And what about the empty list? Well, you only need one of them, because all empty lists are the same. There is no value associated with them, so they don’t have any specific type. So take some arbitrary List instance, ignore the fact that it has a value field (because there’s nothing in an empty list, and we’re never going to look at it), and store it as the value of a well-known constant conventionally called either nil or (using Lisp’s notation for lists) () – which the compiler quietly converts to the appropriate object. In any case, we can add the following definition to our class:

private static final List NIL = cons(null, null);

The way you test to see if a List-valued variable contains the empty list is to compare it to NIL. You can use identity (the == operation), because there’s only one empty list. That means that testing whether a list is empty is reduced from a method call to a single machine-language comparison instruction. So the isEmpty method just looks like

boolean isEmpty() { return this == NIL; }

And how does one add an element to a list? Strictly speaking, one doesn’t. One simply constructs a new List with its rest field pointing to the list you’re adding onto.
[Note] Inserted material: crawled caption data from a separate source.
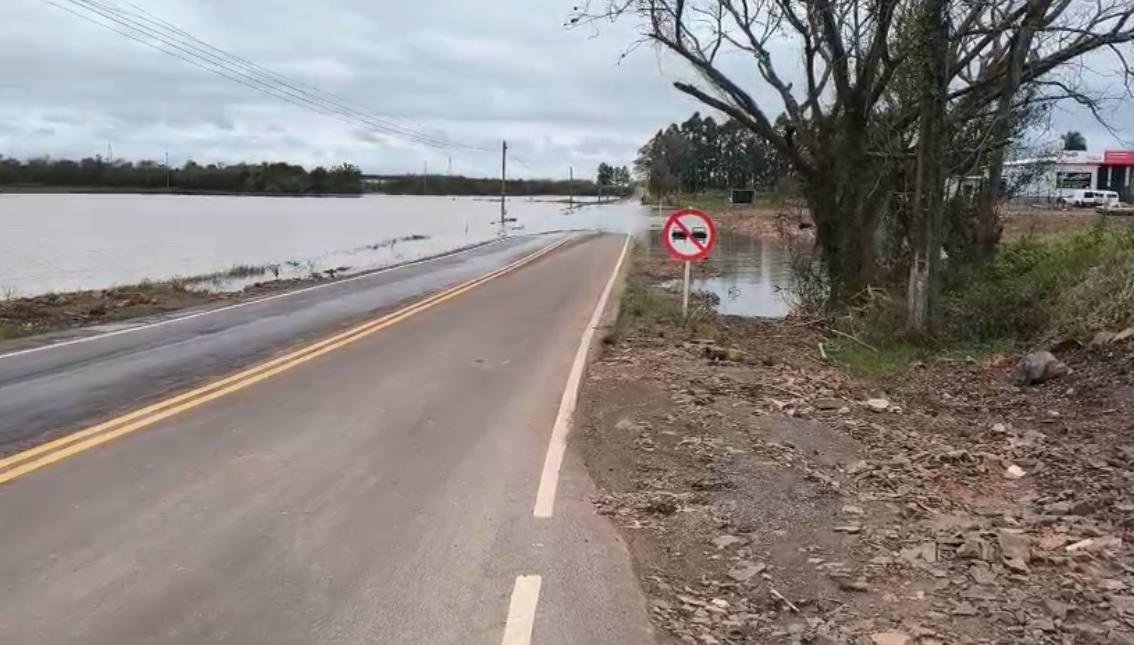 &Aacute;gua j&aacute; alcan&ccedil;ou acesso secund&aacute;rio ao munic&iacute;pio, por onde passam caminh&otilde;es para chegar a uma cooperativa local
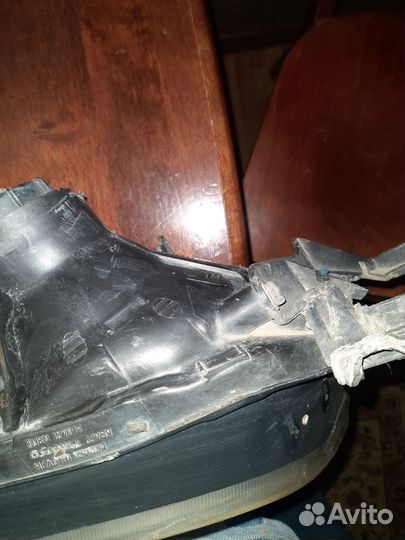 Фара передняя правая ниссан авенир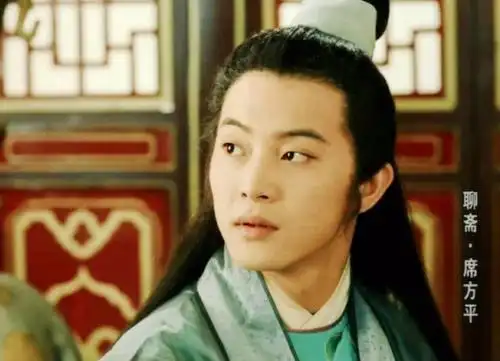 这不我就去百度搜索了一下,沙溢和沈腾年轻时候的照片,果然发现是小编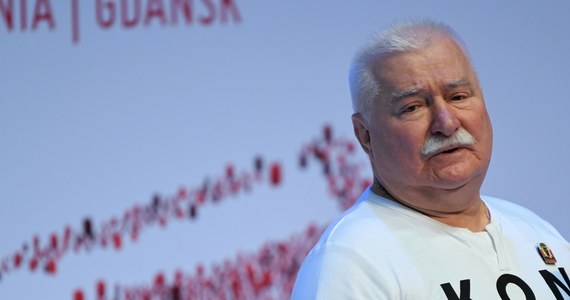 Były prezydent Polski przeszedł rano operację serca. "Lech Wałęsa już po zabiegu, wrócił na swoją salę" – taką informacje przekazał RMF FM Marek Kaczmar, dyrektor biura byłego prezydenta. Głos zabrał także sam Lech Wałęsa. "Czuję się dobrze" - napisał polityk w mediach społecznościowych. 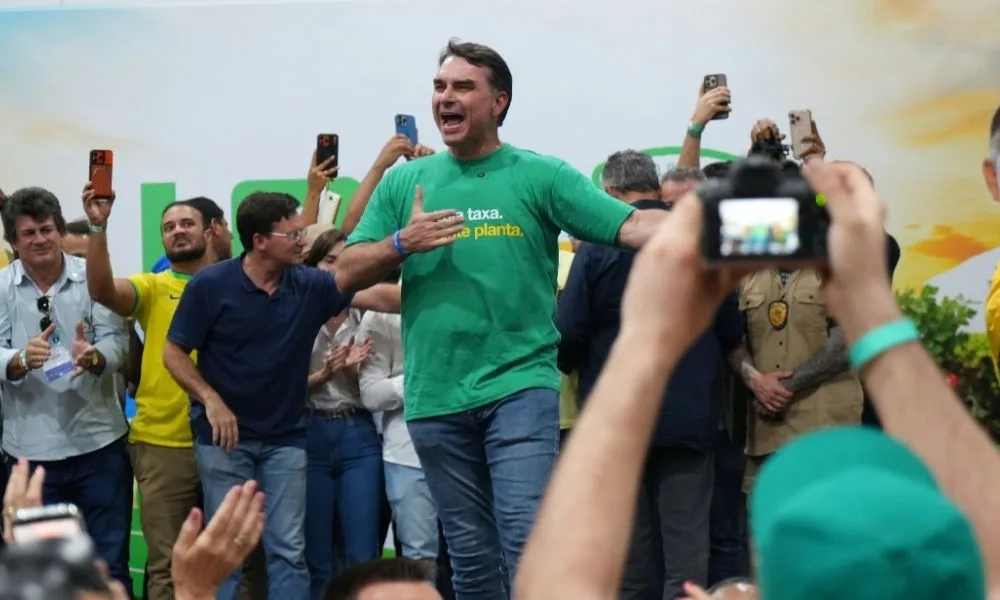 Nunes leva Flávio à periferia e organiza almoço com empresários na estreia do senador na capital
… and now, we really are done defining List. We don’t need anything else. But the real fun has just begun.

More Joy

So let’s look at some of the advantages of singly-linked lists:

First of all, we can see that adding an element to the front of a singly-linked list is marvelously efficient, because you don’t have to change any links. But there’s more: because you don’t have to change any links, lists are immutable.. (I know, I already said that. I’ll keep saying it until it sinks in.)

What that means is that the whole “copy vs. reference” problem goes away. You never have to copy a list – you just copy the reference. That also means that many lists can share a common tail piece..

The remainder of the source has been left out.